The pro-ABI people have 0 valid points. Since if they were valid points we would rationally take them on board. They can't see past the short-term issue they are trying to solve, hence show a distinct lack of ability to learn, hence idiots.
The pro-ABI people have 0 valid points. Since if they were valid points we would rationally take them on board. They can't see past the short-term issue they are trying to solve, hence show a distinct lack of ability to learn, hence idiots.
Dave.
Of course "short term" in this case means 20 years... and counting. Yeah, very "short term"
The pro-ABI people have 0 valid points. Since if they were valid points we would rationally take them on board. They can't see past the short-term issue they are trying to solve, hence show a distinct lack of ability to learn, hence idiots.
Dave.
By the way you write, it is easy to see what kind of person you are. Insulting others won't make you smarter or be right.

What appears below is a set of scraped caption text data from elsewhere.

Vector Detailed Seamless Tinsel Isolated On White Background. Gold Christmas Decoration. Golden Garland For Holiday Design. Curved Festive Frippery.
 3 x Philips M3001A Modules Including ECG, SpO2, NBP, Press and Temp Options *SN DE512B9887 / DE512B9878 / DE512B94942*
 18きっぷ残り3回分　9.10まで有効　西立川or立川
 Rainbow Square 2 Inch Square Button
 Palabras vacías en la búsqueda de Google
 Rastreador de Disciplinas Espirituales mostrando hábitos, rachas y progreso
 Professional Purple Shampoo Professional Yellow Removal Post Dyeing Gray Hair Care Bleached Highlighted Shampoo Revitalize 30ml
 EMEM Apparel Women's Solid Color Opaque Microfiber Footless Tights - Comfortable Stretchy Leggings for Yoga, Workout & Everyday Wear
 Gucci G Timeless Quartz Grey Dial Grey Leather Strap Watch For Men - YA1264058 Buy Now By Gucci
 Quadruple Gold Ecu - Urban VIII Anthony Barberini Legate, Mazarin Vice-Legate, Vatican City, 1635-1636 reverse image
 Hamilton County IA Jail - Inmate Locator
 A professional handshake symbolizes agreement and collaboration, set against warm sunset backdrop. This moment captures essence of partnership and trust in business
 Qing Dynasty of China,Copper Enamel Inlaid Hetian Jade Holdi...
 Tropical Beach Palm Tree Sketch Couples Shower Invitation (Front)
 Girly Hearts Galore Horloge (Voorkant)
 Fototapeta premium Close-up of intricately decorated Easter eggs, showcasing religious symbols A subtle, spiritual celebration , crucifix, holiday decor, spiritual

By the way you write, it is easy to see what kind of person you are. Insulting others won't make you smarter or be right.
In this case he is right (he is the expert here).
The insults stem from the fact that this ABI topic has been discussed ad nauseum here and elsewhere. Certain individuals, who have failed to educate themselves, continue to beat this dead horse. As always, dealing with these people gets old, and tempers run short, hence the insults.
For those people obsessed with a stable ABI in Linux, please read up on the issue at hand. If you still feel that Linux needs a stable ABI, feel free to fork, because I doubt you will change the mind of the development community at large.
The insults stem from the fact that this ABI topic has been discussed ad nauseum here and elsewhere. Certain individuals, who have failed to educate themselves, continue to beat this dead horse.
We did get educated. We simply don't agree and have a differing opinion.
If that makes me an idiot, so be it and right back at you.
Robustness or backwards compatibility? Make your choice!
Notice that every piece of code out there that tends to suck horribly at what it does (be it Winblow$ or X - no offense to X.Org developers intended because they're doing really great under the circumstances) is so damn broken mostly because it has to maintain some sort of backwards compatibility.
The problem with that is pretty obvious - if you have to keep the interfaces stable at all cost, then you can't really fix anything and you always inevitably end up with an inconsistent pile of junk held together only by a crapload of duct tape. Ask yourself if you were still willing to keep using GNU/Linux if it really went down that road at some point in the future.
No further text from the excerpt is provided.